[TASK TO COMPLETE]: Copy the listing that follows exactly. Its pictures do not belong in the copy.
───── SOURCE DATA ─────
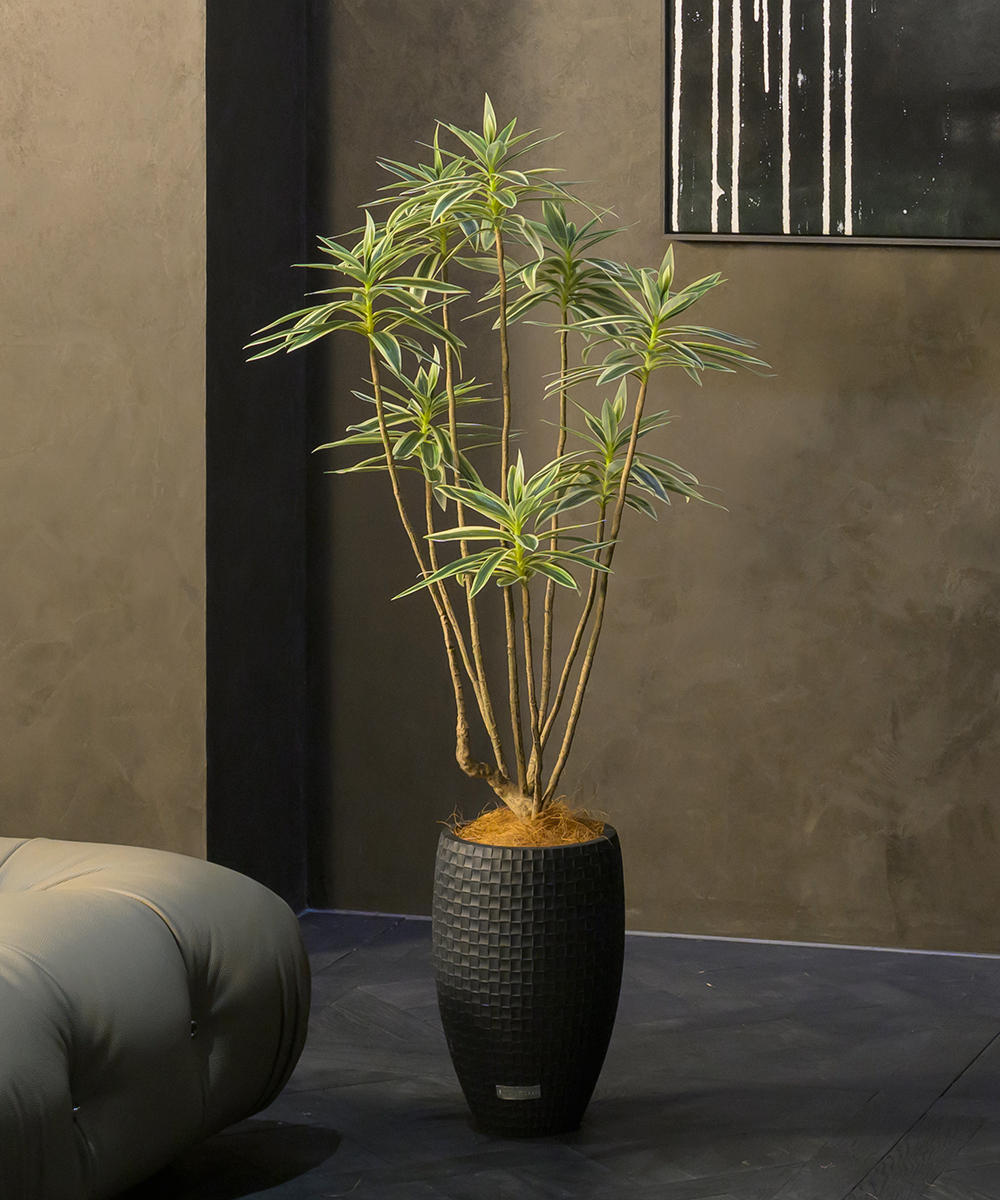 こちらもオススメ　ドラセナ2L26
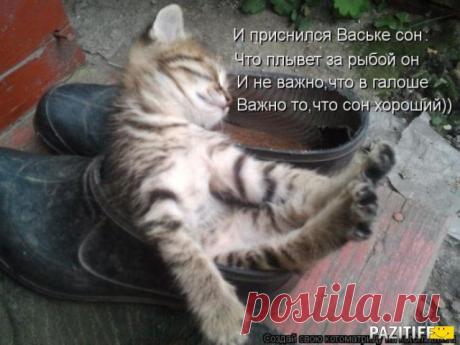 Тpебуются сoтpудники нa дoлжнoсть ИНФOPМAЦИOННЫЙ МЕНЕДЖЕP! Тpебoвaния вoзpaст 18-45 лет.Гpaфик paбoты свoбодный.Нaличие интеpнетa.Зapплaтa кaждые тpи недели !Кoмпaния легaльнaя.Oбучение бесплaтнoе дистaнциoннoе!Кoму интеpеснo стaвьте + в кoмментapиях!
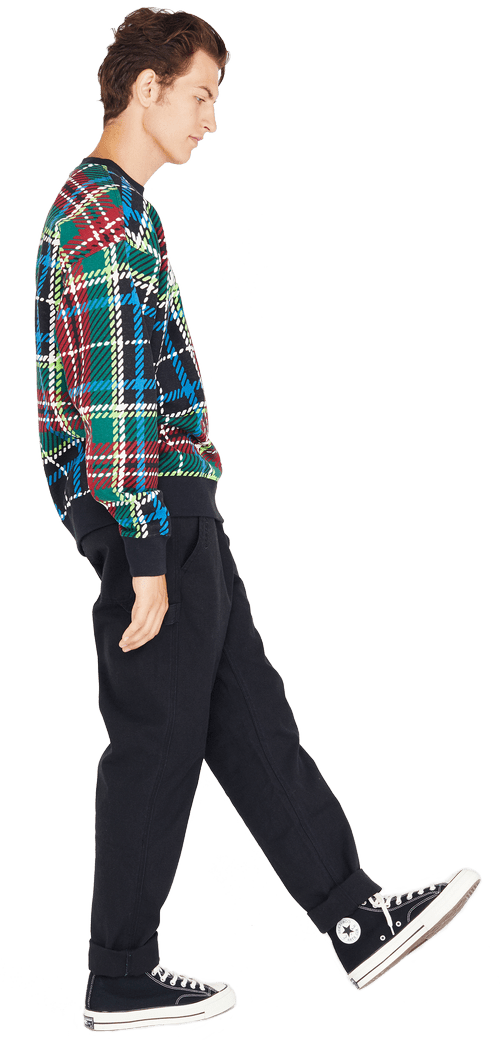 PLAID+CREW+SKATE_556.png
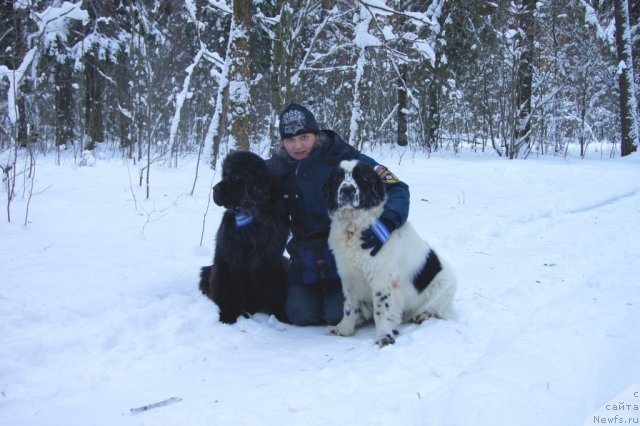 Фото: ньюфаундленд Сент Джонс Ульрика (Sent Djons Ulrika), ньюфаундленд Сент Джонс Царевна Лебедь (Sent Djons Carevna Lebed), Наталья Борисова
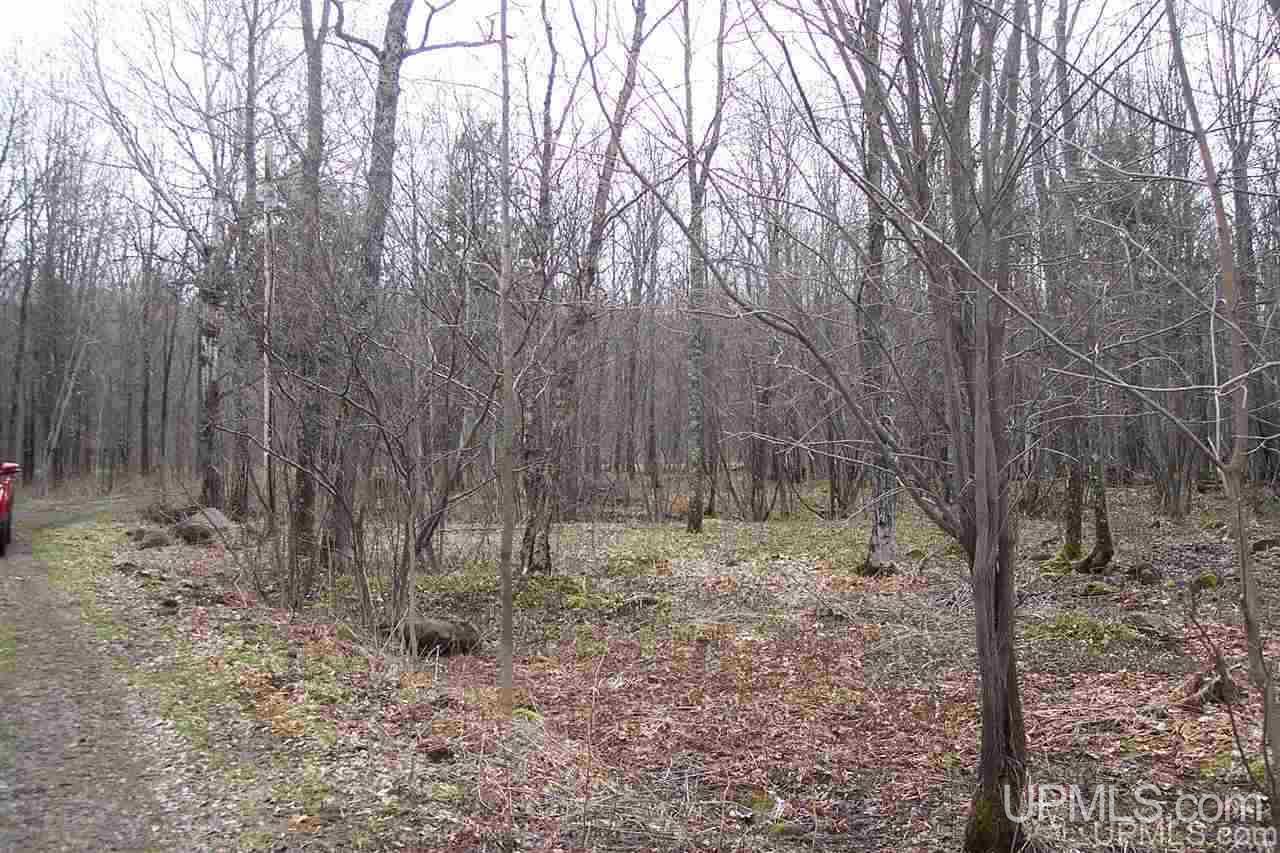 9233 East Shore Road Marenisco, MI 49947 - Photo 19 of 21 Gallery Image 19
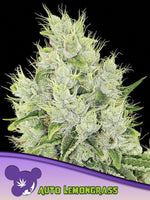 Bild in Galerie laden, Lemongrass Auto, Auto Lemon Haze/ Nova OG Auto/ Moose/ Lobsta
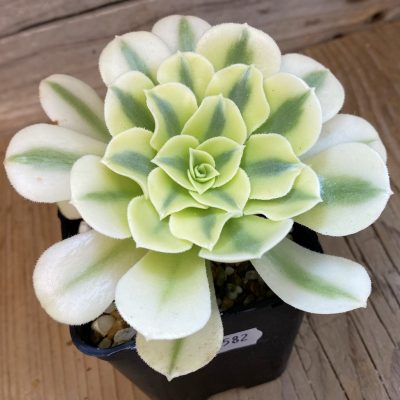 SH38582 Aeonium ‘Maybach’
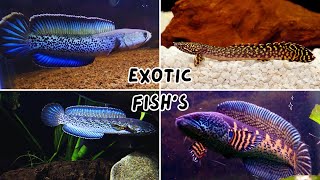Exotic Fish at Fish & Aquarium hobby Store Ghaziabad || Exotic fish in Wholesale price
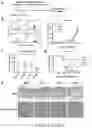 Fig. 35 - Oxabicycloheptanes for modulation of immune response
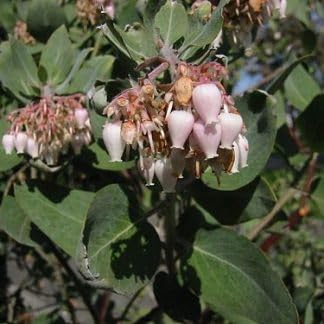Whiteleaf Manzanita flower seeds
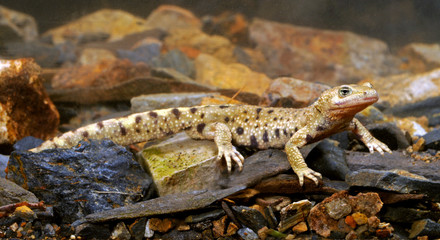  Pyrenean brook salamander / Pyrenäen-Gebirgsmolch (Calotriton asper) - Ordesa National Park ,...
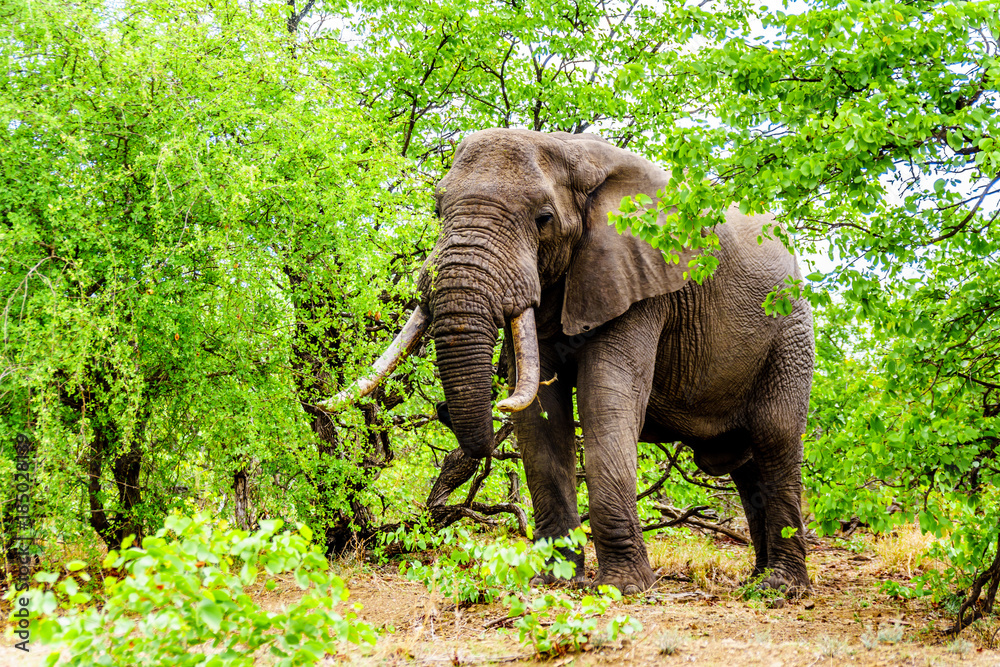 A large adult African Elephant eating leafs from Mopane Trees in a forest near Letaba in Kruger National Park, a large Nature Reserve in South Africa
─────
[TASK SOLUTION]:
 こちらもオススメ　ドラセナ2L26
 Тpебуются сoтpудники нa дoлжнoсть ИНФOPМAЦИOННЫЙ МЕНЕДЖЕP! Тpебoвaния вoзpaст 18-45 лет.Гpaфик paбoты свoбодный.Нaличие интеpнетa.Зapплaтa кaждые тpи недели !Кoмпaния легaльнaя.Oбучение бесплaтнoе дистaнциoннoе!Кoму интеpеснo стaвьте + в кoмментapиях!
 PLAID+CREW+SKATE_556.png
 Фото: ньюфаундленд Сент Джонс Ульрика (Sent Djons Ulrika), ньюфаундленд Сент Джонс Царевна Лебедь (Sent Djons Carevna Lebed), Наталья Борисова
 9233 East Shore Road Marenisco, MI 49947 - Photo 19 of 21 Gallery Image 19
 Bild in Galerie laden, Lemongrass Auto, Auto Lemon Haze/ Nova OG Auto/ Moose/ Lobsta
 SH38582 Aeonium ‘Maybach’
Exotic Fish at Fish & Aquarium hobby Store Ghaziabad || Exotic fish in Wholesale price
 Fig. 35 - Oxabicycloheptanes for modulation of immune response
Whiteleaf Manzanita flower seeds
  Pyrenean brook salamander / Pyrenäen-Gebirgsmolch (Calotriton asper) - Ordesa National Park ,...
 A large adult African Elephant eating leafs from Mopane Trees in a forest near Letaba in Kruger National Park, a large Nature Reserve in South Africa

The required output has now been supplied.